Prodi: “Dopo dieci anni giusti ricominciamo a lavorare in una situazione completamente cambiata del Paese: ci sono tensioni molto più forti, quindi il primo impegno sarà quello di ricostituire quello spirito di solidarietà e di condivisione di obiettivi che servono perché un paese vada avanti, cioè, abbassare il livello di tensione e di litigiosità”. Così entrando nella sede dell’Unione in Piazza Santi Apostoli, il presidente del Consiglio incaricato, Romano Prodi.

“Credo che abbiamo fatto un buon lavoro”. Massimo D’Alema giunge all’ennesimo vertice dell’Ulivo a piazza Santi Apostoli, loda la squadra che a minuti Prodi dovrebbe indicare e assicura che nelle trattative di questi giorni non c’è stata “nessuna lite drammatica”.
“Credo che abbiamo fatto un buon lavoro, si profila un governo equilibrato e autorevole nelle scelte di Prodi”. Il presidente dei Ds contesta anche chi parla di lungaggini: “E’ stato un lavoro che si è compiuto in un tempo rapidissimo”.

Il presidente della Repubblica Giorgio Napolitano ha ricevuto il presidente del Consiglio incaricato Romano Prodi che ha sciolto la riserva e ha accettato di formare il nuovo governo. Il giuramento del nuovo esecutivo si svolgera’ oggi alle 16,30 al palazzo del Quirinale.

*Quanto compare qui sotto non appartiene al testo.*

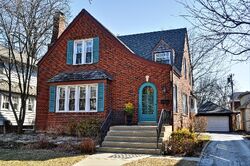 Pre-foreclosure in  MALDEN AVE La Grange, IL 60525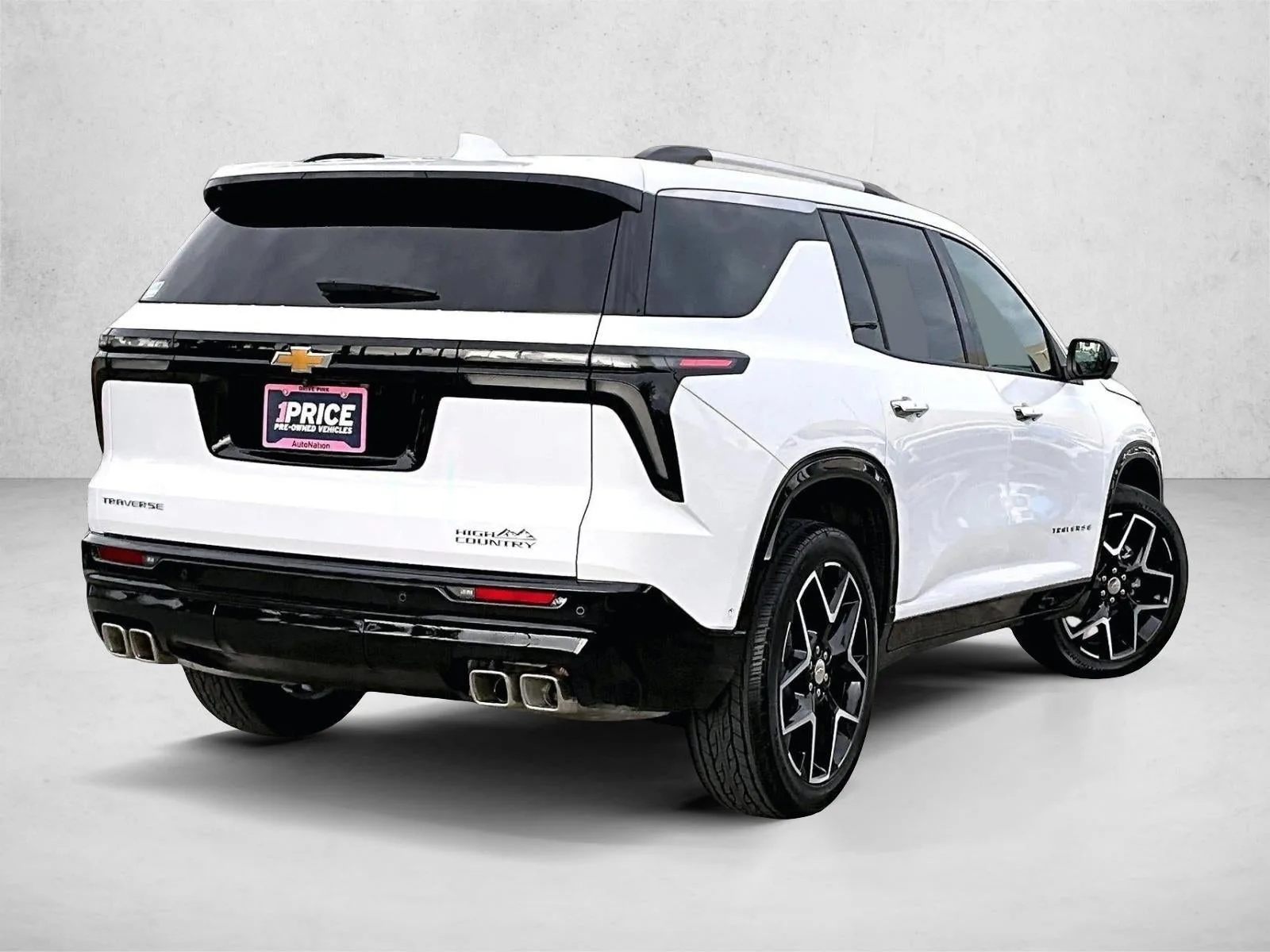 2026 Chevrolet Traverse High Country photo 2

Questa la composizione del secondo Governo Prodi:
PRESIDENTE DEL CONSIGLIO:
Romano Prodi.
VICEPRESIDENTI DEL CONSIGLIO:
Massimo D’Alema.
Francesco Rutelli.
MINISTRI SENZA PORTAFOGLIO:
Vannino Chiti, Luigi Nicolais, Linda Lanzillotta, Emma Bonino, Giulio Santagata, Barbara Pollastrini, Giovanna Melandri e Rosy Bindi.
MINISTRI CON PORTAFOGLIO:
Affari Esteri: Massimo D’Alema.
Beni Culturali e Turismo: Francesco Rutelli.
Interno: Giuliano Amato.
Giustizia: Clemente Mastella.
Difesa: Arturo Parisi.
Economia e Finanze: Tommaso Padoa Schioppa.
Sviluppo Economico: Pierluigi Bersani.
Infrastrutture: Antonio Di Pietro.
Politiche Agricole e Forestali: Paolo De Castro.
Istruzione: Beppe Fioroni.
Salute: Livia Turco.
Comunicazioni: Paolo Gentiloni.
Università e Ricerca: Fabio Mussi.
Lavoro: Cesare Damiano.
Solidarietà Sociale: Paolo Ferrero.
Ambiente e Tutela del Territorio: Alfonso Pecoraro Scanio.
Trasporti: Alessandro Bianchi.

Enrico Letta è stato nominato sottosegretario alla presidenza del Consiglio, che svolgerà la funzione di segretario del Consiglio dei ministri.

Il presidente del Senato, Franco Marini, ha fatto i suoi complimenti al nuovo premier, assicurandolo sulla maggioranza a Palazzo Madama: “Ti assicuro che per quanto riguarda il Senato va tutto bene, perchè il Paese ha bisogno della stabilità e di un’azione di governo che duri nell’interesse dell’Italia”.

“Faccio i sinceri auguri a Romano Prodi a cui ribadisco il pieno sostegno dei Comunisti italiani – ha detto il segretario del Pdci Oliviero Diliberto – affinchè possa governare per i prossimi cinque anni. Da parte nostra è motivo di grande soddisfazione che il ministero dei Trasporti sia stato affidato ad Alessandro Bianchi, indipendente di sinistra indicato dal nostro partito sulla base dei criteri che abbiamo illustrato nei giorni scorsi”.

“Si apre oggi una pagina importante, e sono determinata a offrire il mio contributo, il meglio di me stessa, in questo nuovo incarico. C’è, per me, un legame fortissimo con la mia esperienza di Commissaria europea, e con la mia lotta di una vita, da radicale, per coniugare impegno italiano e transnazionale: e l’incarico che assumo vede insieme intrecciati e interdipendenti proprio tutti questi elementi”. Lo afferma Emma Bonino, che ringrazia “quanti mi hanno sostenuto, anche in queste settimane, tributandomi fiducia e calore”.

“Ecco perchè Prodi ci ha messo così tanto a formare la squadra, perchè il foglio dei ministri che diceva di avere in tasca non era uno ma molti: perchè in tasca il Professore aveva a destra la Treccani e a sinistra il manuale Cencelli”. E’ quanto ha dichiarato Roberto Calderoli, coordinatore delle segreterie nazionali della Lega Nord, commentando la lista di ministri presentata dal premier.